Conversational applications often are over-hyped and under perform. While there's been significant progress in Natural Language Understanding (NLU) in academia and a huge growing market for voice based technologies, NLU performance significantly drops when you introduce language with typos or other errors, uncommon vocabulary, and more complex requests. This talk will cover how to build a production quality conversational app that performs well in a real world setting.
We will demonstrate an end-to-end approach for consistently building conversational interfaces with production-level accuracies that has proven to work well for a number of applications across diverse verticals. Building successful conversational interfaces involves choosing the right use case, collecting clean and relevant data, and breaking down the NLU problem into a series of solvable sub-tasks. All of today's most widely used conversational services have been built using a similar hierarchical NLU pipeline of domain-intent-entity classification that has become an industry standard, which we will discuss in detail.

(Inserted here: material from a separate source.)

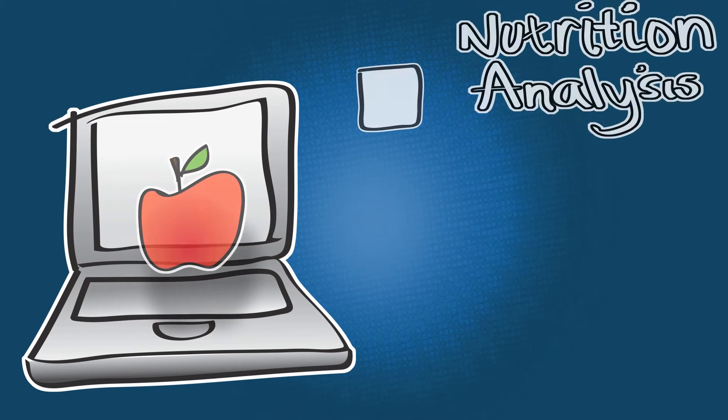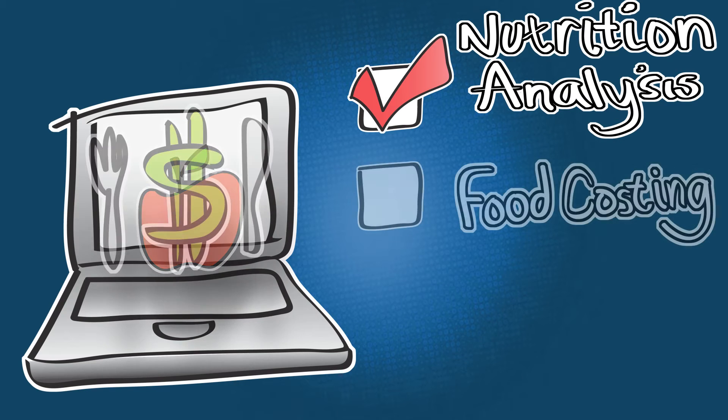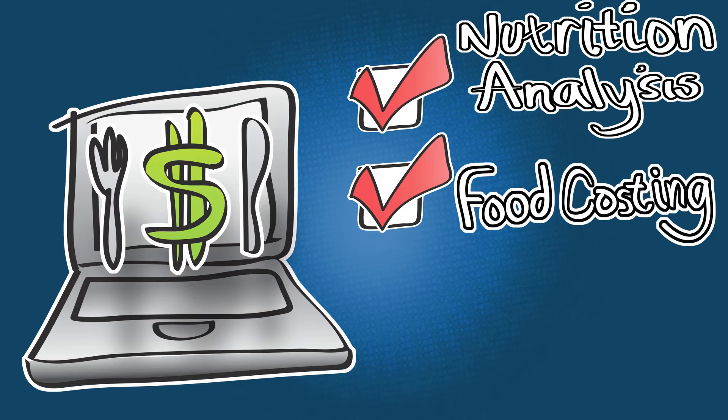Need to know nutrition? You got it! Want to know what your recipe is costing you? No problem, we've got you covered.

Our architecture further improves on this standard domain-intent-entity classification and dialogue management architecture by leveraging shallow semantic parsing. We observed that NLU systems for industry applications often require more structured representations of entity relations than provided by the standard hierarchy, yet without requiring full semantic or syntactic parses which are often inaccurate on real-world conversational data. We describe our approach and demonstrate how it improves the performance of conversational interfaces for non-trivial use cases.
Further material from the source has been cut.